Hello everyone, and welcome back!
Today, I want to talk about writing in Multiple Selective. This is a technique that can be used in first, second, or third person. It’s a style that, like Limited, is universal in how it can be used. That makes it pretty simple, but there is always one problem with it. No one knows what it is.
I seriously found the term by accident when I was researching different styles in defense of using Omniscient (We all learn for one reason or another, right? lol). It’s called by as many names as there are hours in the week, but the words “Selective” or “Multiple” are used in almost every instance. It’s also a prevalent style that’s often confused with Limited, and with good reason.
Simply put, Multiple Selective is a combination of Limited and Omniscient. Basically, it’s usually scene or chapter breaks to show a switch in POV (Point of View) while being written with an all-seeing eye, Omniscient-type of style that includes things the character doesn’t witness directly. Another way of explaining it is, the reader sees and knows everything around the focused character that the character doesn’t, as well as their thoughts. Does that make sense?
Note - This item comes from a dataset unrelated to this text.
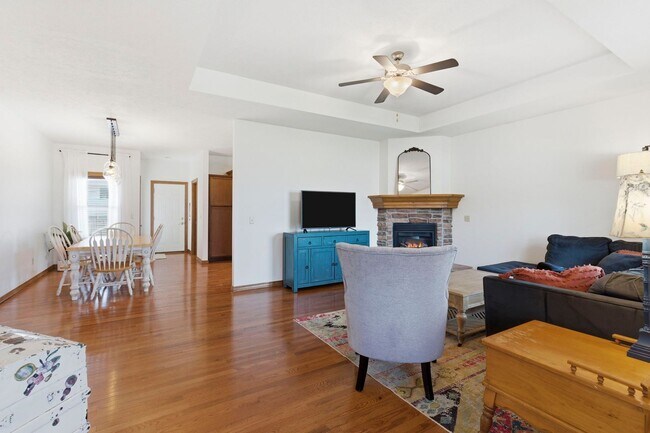 Foto del edificio - 3 Bedroom | 2 Bathroom | 2 Car Garage| Ozark MO | Fireplace | Separate Green House/Office | Fence...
Here’s an example of Limited:
Jake shook his head and looked at the clock. I can’t believe it’s so late. He set down the knife and half sliced tomato. He couldn’t keep doing this. He needed to talk to the manager about changing his hours.
Turning, he headed toward the office. He ignored a clang and cursing behind him as he focused on what to say to his boss as he approached the office door.
-Notice how we only see what he experienced and felt first hand? We’re forced to wait to find out what happened, or we may forget about it so the result could be a fun mysterious surprise.
Here’s an example of Multiple Selective:
Jake shook his head and looked at the clock. I can’t believe it’s so late. Shaking his head, he set down the knife and half sliced tomato. He couldn’t keep doing this. He needed to talk to the manager about changing his hours.
He hadn’t realized he set the knife on the edge of the table before turning to leave. One of his coworkers lunged for it as it fell, but he missed and the clanging sound it made hitting the floor earned it a curse.
Jake continued on unfazed, focused on what he’d say to his boss as he approached the office door.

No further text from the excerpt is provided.